Tuesday, March 24, 2009

There are Luo Men and then there is THE Luo Man...

This is what I have learned over the last couple of days, culminating with my pilgrimage to the home of Mama Sarah Obama, or “Granny”.

The whole crew with Granny! (Edward, me, Opondo, Calvin, Randie, The Lady Herself, & Bill)

I spent a few days in SVH-Ugenya, which is in Luoland in the western province of Kenya. I was repeatedly frustrated by my meetings with the notoriously chauvinistic and big-headed Luo men; reminding them each time introductions were made that I existed, hearing my ideas acknowledged only when a man repeated them, listening to discussions on the merits of polygamy and wife inheritance…at one point Randie and I had to distribute the refreshments at a meeting because it didn’t occur to any of the men to get up and take a soda, and god forbid a meeting start without the beverages distributed. I bit my tongue on many occasions. One man in particular, Chris Opondo who sits on the SOTENI Kenya board eventually won me over with his charm and we were able to have a good natured discussion on the pros and cons of dowries, but it took about 3 days for me to be able to laugh at his controversial jokes (“Edward, if I were you I would try very hard to win Kelly’s heart – she would be free!”).

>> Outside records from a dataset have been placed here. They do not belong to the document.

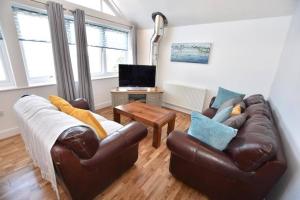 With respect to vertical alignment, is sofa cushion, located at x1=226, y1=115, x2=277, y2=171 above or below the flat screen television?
below

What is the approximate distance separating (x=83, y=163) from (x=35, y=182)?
0.95 meters

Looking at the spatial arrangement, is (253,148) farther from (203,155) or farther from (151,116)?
(151,116)

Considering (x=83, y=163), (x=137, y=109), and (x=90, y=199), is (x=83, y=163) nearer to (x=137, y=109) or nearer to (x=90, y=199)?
(x=90, y=199)

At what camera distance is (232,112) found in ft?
5.75

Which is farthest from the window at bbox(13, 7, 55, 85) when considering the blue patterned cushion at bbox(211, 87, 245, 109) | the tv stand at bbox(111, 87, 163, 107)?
the blue patterned cushion at bbox(211, 87, 245, 109)

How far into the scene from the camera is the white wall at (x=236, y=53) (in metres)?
2.39

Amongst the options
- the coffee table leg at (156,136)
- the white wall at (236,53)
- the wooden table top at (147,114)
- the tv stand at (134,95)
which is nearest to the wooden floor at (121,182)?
the coffee table leg at (156,136)

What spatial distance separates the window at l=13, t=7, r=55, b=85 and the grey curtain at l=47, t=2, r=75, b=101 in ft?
0.83

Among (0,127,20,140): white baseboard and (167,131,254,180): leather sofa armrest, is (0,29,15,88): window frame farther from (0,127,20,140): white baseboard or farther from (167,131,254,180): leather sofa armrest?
(167,131,254,180): leather sofa armrest

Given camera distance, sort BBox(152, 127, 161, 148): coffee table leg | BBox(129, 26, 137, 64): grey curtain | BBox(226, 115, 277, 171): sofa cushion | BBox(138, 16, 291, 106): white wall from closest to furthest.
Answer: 1. BBox(226, 115, 277, 171): sofa cushion
2. BBox(152, 127, 161, 148): coffee table leg
3. BBox(138, 16, 291, 106): white wall
4. BBox(129, 26, 137, 64): grey curtain

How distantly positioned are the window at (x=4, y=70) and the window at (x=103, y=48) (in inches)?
38.9

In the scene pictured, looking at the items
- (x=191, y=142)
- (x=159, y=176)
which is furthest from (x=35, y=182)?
(x=191, y=142)

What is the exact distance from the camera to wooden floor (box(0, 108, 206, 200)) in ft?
4.75

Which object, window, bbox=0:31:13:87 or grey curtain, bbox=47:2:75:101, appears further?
grey curtain, bbox=47:2:75:101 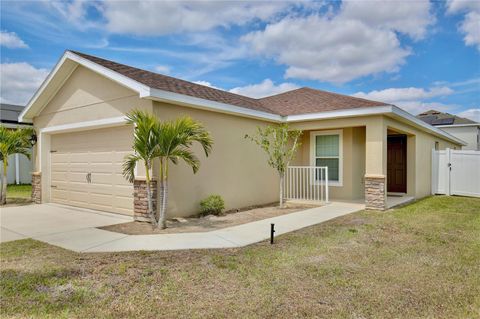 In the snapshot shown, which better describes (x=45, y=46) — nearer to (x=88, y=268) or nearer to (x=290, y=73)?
(x=88, y=268)

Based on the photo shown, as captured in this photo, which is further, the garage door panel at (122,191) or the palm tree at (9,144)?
Result: the palm tree at (9,144)

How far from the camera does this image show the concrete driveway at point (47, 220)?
6.74 meters

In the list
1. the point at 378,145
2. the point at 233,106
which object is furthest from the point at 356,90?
the point at 233,106

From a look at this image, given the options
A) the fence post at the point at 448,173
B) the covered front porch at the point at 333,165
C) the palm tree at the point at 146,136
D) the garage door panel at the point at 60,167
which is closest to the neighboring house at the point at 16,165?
the garage door panel at the point at 60,167

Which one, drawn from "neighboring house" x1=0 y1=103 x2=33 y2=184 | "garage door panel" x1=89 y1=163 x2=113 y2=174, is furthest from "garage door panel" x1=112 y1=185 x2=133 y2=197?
"neighboring house" x1=0 y1=103 x2=33 y2=184

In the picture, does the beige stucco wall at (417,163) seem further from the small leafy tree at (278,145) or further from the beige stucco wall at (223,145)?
the small leafy tree at (278,145)

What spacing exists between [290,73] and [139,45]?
12651 millimetres

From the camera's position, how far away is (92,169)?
9812 millimetres

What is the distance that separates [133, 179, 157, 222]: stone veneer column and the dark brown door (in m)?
11.6

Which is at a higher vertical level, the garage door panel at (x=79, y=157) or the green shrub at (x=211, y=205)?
the garage door panel at (x=79, y=157)

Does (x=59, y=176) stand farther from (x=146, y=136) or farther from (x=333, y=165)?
(x=333, y=165)

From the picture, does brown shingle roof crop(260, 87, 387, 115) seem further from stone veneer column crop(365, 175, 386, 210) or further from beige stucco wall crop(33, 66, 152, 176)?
beige stucco wall crop(33, 66, 152, 176)

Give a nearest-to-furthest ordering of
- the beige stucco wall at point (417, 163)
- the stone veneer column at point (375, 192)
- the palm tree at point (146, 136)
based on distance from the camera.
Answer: the palm tree at point (146, 136) < the stone veneer column at point (375, 192) < the beige stucco wall at point (417, 163)

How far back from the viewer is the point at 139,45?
11828mm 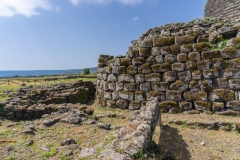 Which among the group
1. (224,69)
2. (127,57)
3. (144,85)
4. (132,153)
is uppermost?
(127,57)

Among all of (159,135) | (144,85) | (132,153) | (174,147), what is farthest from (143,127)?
(144,85)

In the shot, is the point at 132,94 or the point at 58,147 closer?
the point at 58,147

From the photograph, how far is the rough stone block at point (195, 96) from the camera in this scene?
305 inches

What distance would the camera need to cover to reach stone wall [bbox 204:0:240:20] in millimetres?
11538

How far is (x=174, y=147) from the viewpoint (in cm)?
511

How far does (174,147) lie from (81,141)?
284 cm

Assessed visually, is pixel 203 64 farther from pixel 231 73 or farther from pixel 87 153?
pixel 87 153

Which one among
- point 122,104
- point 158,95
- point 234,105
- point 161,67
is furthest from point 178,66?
point 122,104

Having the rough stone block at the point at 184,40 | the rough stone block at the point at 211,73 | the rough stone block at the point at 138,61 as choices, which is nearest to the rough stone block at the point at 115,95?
the rough stone block at the point at 138,61

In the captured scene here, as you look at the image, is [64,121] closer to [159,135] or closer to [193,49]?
[159,135]

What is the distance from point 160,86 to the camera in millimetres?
8445

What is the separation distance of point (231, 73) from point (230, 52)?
0.94 metres

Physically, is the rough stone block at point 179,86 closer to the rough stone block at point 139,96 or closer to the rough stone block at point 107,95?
the rough stone block at point 139,96

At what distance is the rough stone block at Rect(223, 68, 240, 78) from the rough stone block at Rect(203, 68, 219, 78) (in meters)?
0.31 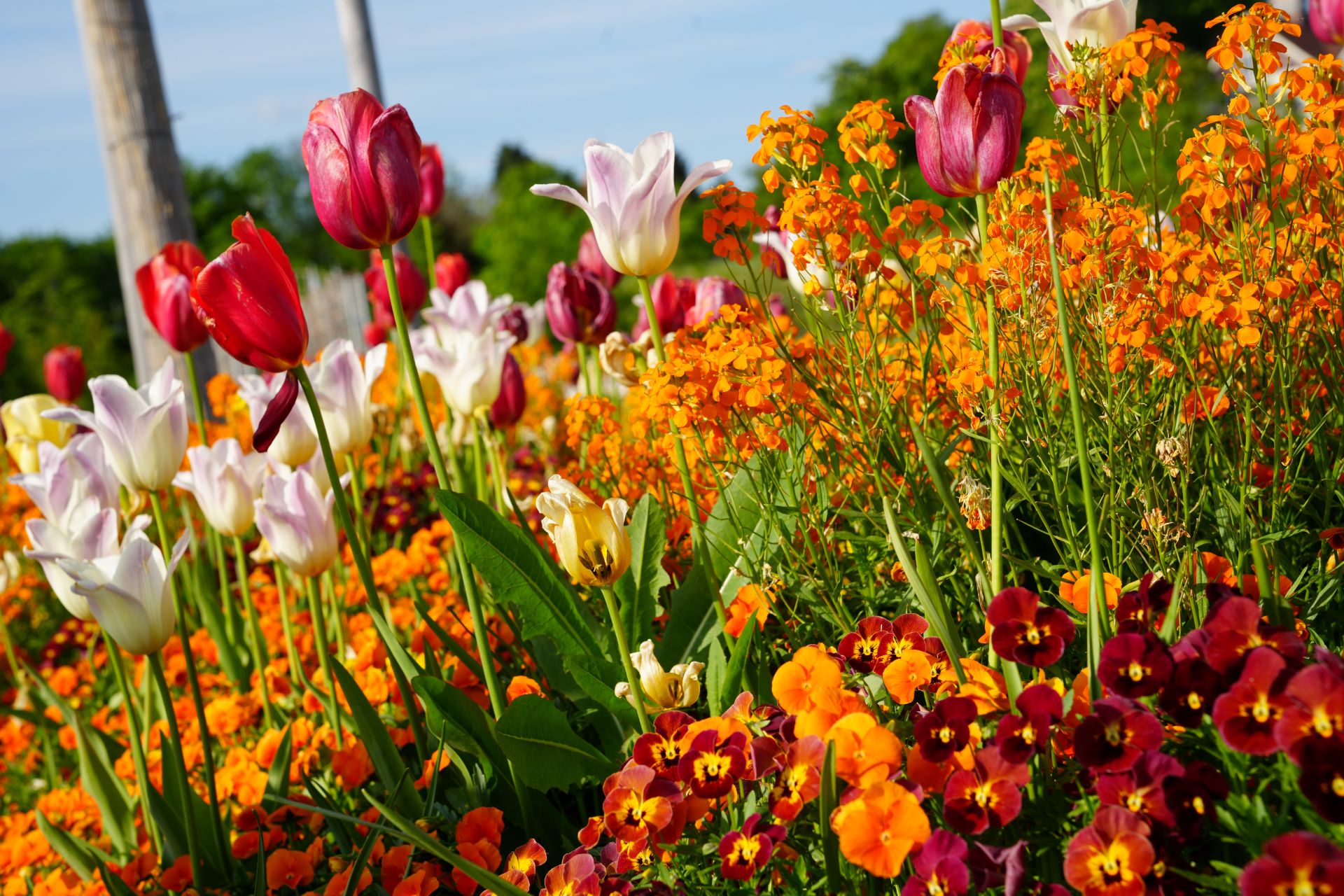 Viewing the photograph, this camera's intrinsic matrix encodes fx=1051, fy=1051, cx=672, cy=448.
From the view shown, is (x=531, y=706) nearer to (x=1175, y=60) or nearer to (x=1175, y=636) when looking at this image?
(x=1175, y=636)

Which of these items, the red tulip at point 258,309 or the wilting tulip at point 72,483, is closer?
the red tulip at point 258,309

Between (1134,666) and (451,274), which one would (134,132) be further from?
(1134,666)

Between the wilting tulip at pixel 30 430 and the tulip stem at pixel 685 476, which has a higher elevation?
the tulip stem at pixel 685 476

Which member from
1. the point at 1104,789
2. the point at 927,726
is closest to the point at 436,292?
the point at 927,726

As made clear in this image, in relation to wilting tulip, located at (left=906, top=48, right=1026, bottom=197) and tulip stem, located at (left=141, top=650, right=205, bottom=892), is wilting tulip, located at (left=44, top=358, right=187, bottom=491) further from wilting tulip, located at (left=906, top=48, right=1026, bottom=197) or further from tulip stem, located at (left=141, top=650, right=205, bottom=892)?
wilting tulip, located at (left=906, top=48, right=1026, bottom=197)

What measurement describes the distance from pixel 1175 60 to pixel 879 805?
50.5 inches

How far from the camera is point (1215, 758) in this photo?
117 cm

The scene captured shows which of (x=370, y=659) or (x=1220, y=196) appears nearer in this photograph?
(x=1220, y=196)

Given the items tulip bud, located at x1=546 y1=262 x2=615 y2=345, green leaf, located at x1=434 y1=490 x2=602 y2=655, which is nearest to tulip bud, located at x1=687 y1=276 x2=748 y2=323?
tulip bud, located at x1=546 y1=262 x2=615 y2=345

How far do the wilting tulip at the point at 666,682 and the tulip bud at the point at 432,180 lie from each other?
2190mm

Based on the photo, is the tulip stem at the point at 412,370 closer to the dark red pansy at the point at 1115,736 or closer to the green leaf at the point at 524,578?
the green leaf at the point at 524,578

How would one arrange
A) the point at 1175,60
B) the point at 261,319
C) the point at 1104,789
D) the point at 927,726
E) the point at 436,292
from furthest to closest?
the point at 436,292 < the point at 1175,60 < the point at 261,319 < the point at 927,726 < the point at 1104,789

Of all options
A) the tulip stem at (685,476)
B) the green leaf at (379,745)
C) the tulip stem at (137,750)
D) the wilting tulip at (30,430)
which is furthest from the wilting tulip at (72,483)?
the wilting tulip at (30,430)

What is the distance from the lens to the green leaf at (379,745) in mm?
1575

Meeting the adopted grandmother of President Obama, however, reminded me that some Luo men are more than tolerable and in fact the USA is lucky to have one as president! During the controversy of the 2007 Kenyan presidential elections, as Barack Obama was beginning his USA presidential campaign, Kenyans would joke “I wonder who will have a Luo president first, the USA or Kenya?”. We should consider ourselves lucky that we beat out Kenya in that regard!
Edward (SOTENI Kenya Programme Manager), me, and Calvin (SVH-Ugenya Coordinator) in front of Granny's house

When we arrived to the Obama compound in Kogelo, it was evident that the family’s fame was generating some new income. A huge gate guarded the compound and a series of police tents were set up for security just inside the entrance. Evidence of construction and new latrines (in expectation of busloads of tourists) were to be seen everywhere. We were shown the graves of Barack Hussein Obama, Sr, and Hussein Onyanga Obama by Sadiq, the half-brother of the President. After a brief wait, Granny came out, looking like a very typical Kenyan woman (old t-shirt, long skirt, and headscarf) and chatted with us. Opondo translated the Kiluo to English while the giddy Americans asked questions (“How has life changed since the election?” “Does the President like ugali?”). She is a strong, healthy woman (87 years old!) who was gracious and jovial with her guests. And she indulged us many rounds of photos, which was generous of her, considering the compound receives an estimated 600 visitors every day.
Me and Granny

Opondo with Granny

It’s clear that her home has become a tourist attraction but I am still very happy to have gone!

The token pikipiki (motorbike) shot - I found out later that this guy was the most reckless driver in our group. Sweet.